Spence has also spoken of the ill effects of his horrifying 2019 crash of his Porsche, which flipped over multiple times in Dallas and left him sidelined until late 2020.

“Spence is in the twilight of his career and took a bad beating in his last fight,” Algieri said. “He’s coming back because of his name recognition.”

But still…

“It’s a mouth-watering matchup. These two are names,” Malignaggi said. “There was interest [in the matchup] when I was there and a lot of people were talking about it.”

Can the southpaw Spence, with the height and reach advantages, pick apart the descending Tszyu? Or is this the matchup the rugged Australian needs to re-assert his position in boxing’s richest division?

Algieri said after Tszyu won a return-from-Fundora II fight in December, fighting again in March shows he’s attentive to the idea of improvement.

“We need good timing because we need to win,” Algieri said of Team Tszyu’s thinking. “Tim Tszyu is looking to make a real run, not to cash out. I love this fight because of their storied careers.”

Malignaggi agrees Tszyu is positioned to “accomplish more” in victory while Spence’s ambitions may be more limited in a stacked 154lbs crowd that host Jimmy Smith labeled a “shark tank,” which includes champions Fundora, WBO/WBA titlist Xander Zayas, 23, and England’s Josh Kelly along with gifted unbeaten contenders Vergil Ortiz Jnr and Jaron “Boots” Ennis.

“With Errol, he has talent and a name – can he accomplish more?” Malignaggi asked. “Does he really believe he can be the best at 154, or can he keep making the pay days by staying relevant?”

Algieri, who suffered a fifth-round TKO to Spence in 2016, said Spence “is such a question mark. If he wins, he’ll be in the driver’s seat for big fights, which is what he wants. He’s shown here he doesn’t do tuneups.”

Both fighters are likely rooting for former unified welterweight champion Keith Thurman to defeat Fundora March 28 at MGM Grand in Las Vegas. Spence and Thurman never fought during their peaks as welterweight champions promoted by Premier Boxing Champions.
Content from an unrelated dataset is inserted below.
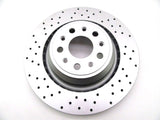 Maserati Ghibli Quattroporte rear brake rotors #881 14-16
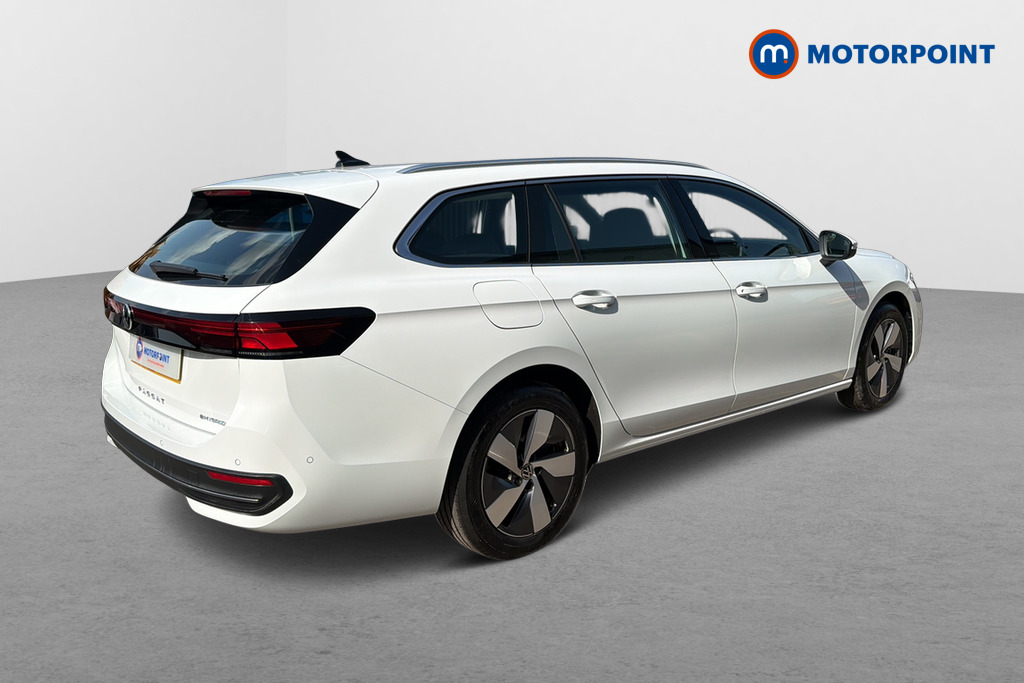 Volkswagen Passat Life Automatic Petrol Plug-In Hybrid Estate - Stock Number (1647522) - Passenger side rear corner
And Tszyu was supposed to fight Thurman in March 2024 before Thurman suffered a biceps injury late in training camp and was replaced by Fundora.

Fundora accidentally viciously cut Tszyu’s head with an elbow early in that fight, and won the WBC and WBO titles on the scorecards that night.

Both Tszyu and his brother, Nikita, are ranked in the top 10 by the IBF, which has Kelly as its champion.

“This is a big fight for these guys to step back up to prominence,” Algieri said.